Up until end 1941 the 2pdr was the most powerful small a/tk gun or tank gun - in service - for piercing armour.

Even until early 1942.

Better than any of the 37mm's (I'm thinking German and Czech,) and of course far better than the French 25mm, some of which were issued to Australian Infantry in 1941 in Libya.

The 2pdr stayed in service past the time the PzKW IIIs were up-gunned from 37mm to a short 5cm and then some to the L/60 5cm gun. While the PzKw IVs still had the short 75mm.

This happened due to the huge equipment losses in 1940 in France. The 2pdr was in production and the approved and tested 6pdr wasn't, yet. So they went with quantity for a year and a half.

In Nth Africa until end 1942, the only place this mattered, that anti-tank defence now fell quite heavily on the 25pdr Mk1 (18/25pdr) and IIs. Because they could fire a 20lb shot at a reasonably high velocity and their HE shells were quite effective against the early IIIs and IVs.
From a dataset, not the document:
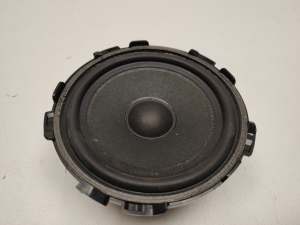 Speaker - A2058201002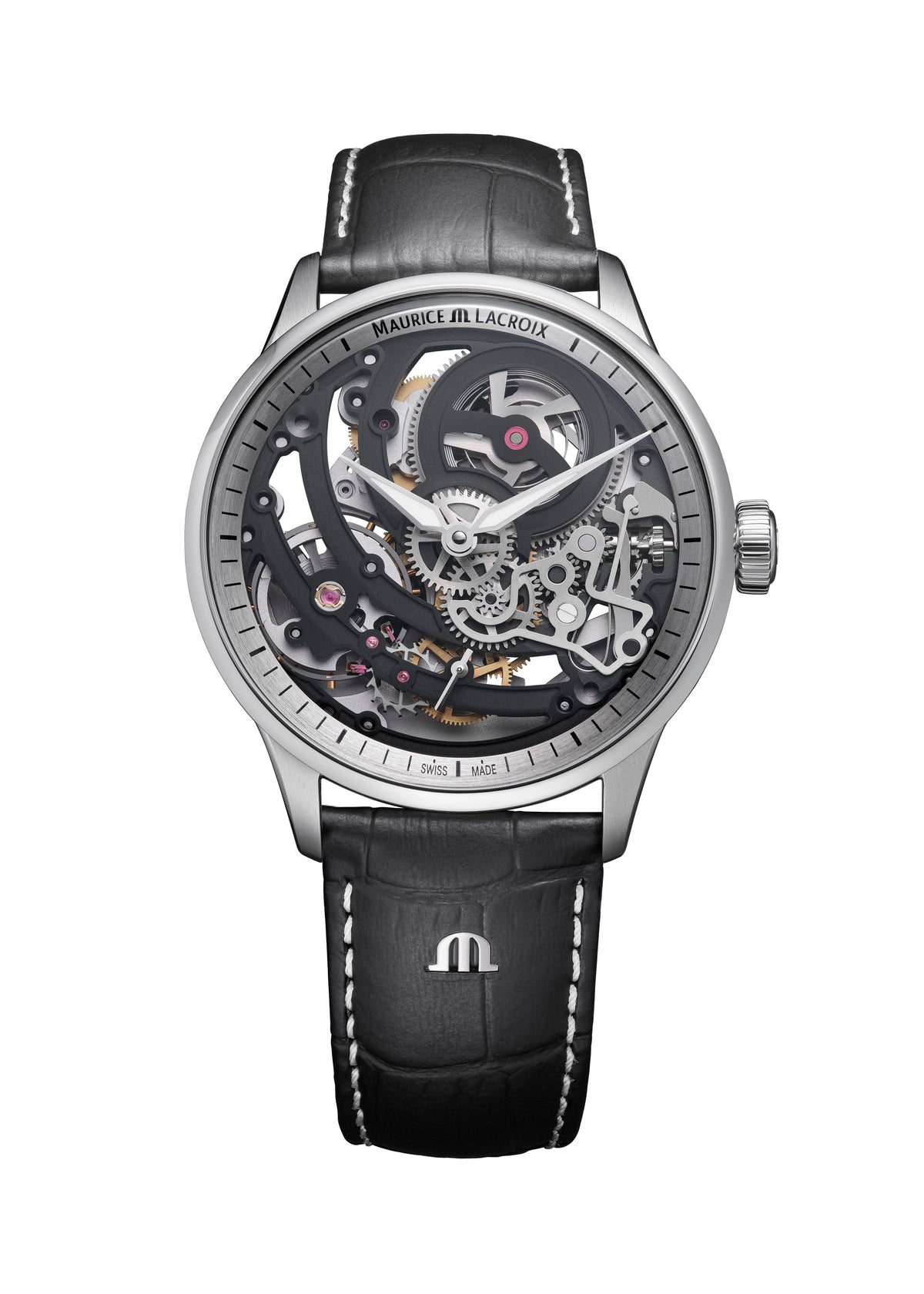 maurice-lacroix-master-skeleton-watch-758108-ss001-090-2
It was a blessing that both 25pdr carriages came with a circular firing platform for firing at moving targets. No other WWII field gun had this rapid traverse feature. IIRC no WWII purpose-built A/Tk guns did either.

(Though 8.8Cm AAA guns, when so used did. But all AA guns of the period had all round traverse.)

Noting that 2pdr equipped tanks destroyed quite a lot of tanks. The decision not to proceed with production of the designed, tested and approved HE round also held the weapon back, when tanks were dealing with enemy A/tk guns.

The consequence was a considerable distortion of the 8th Army's tactical posture and led to the battle-group idea, and the breaking up of most of the Divisions, except ours and NZ's.

Monty stamped on all that, but he could because the 6pdr was available in numbers, and all UK weapons and munitions production was at full speed. And, he soon got 200 Shermans.

6Pdr A/tk-guns and in tanks started to arrive in mid-late 1942. Your 57mm was an exact copy but with the full length barrel. Once UK factories had long enough machines UK guns got the longer barrel, and higher MV.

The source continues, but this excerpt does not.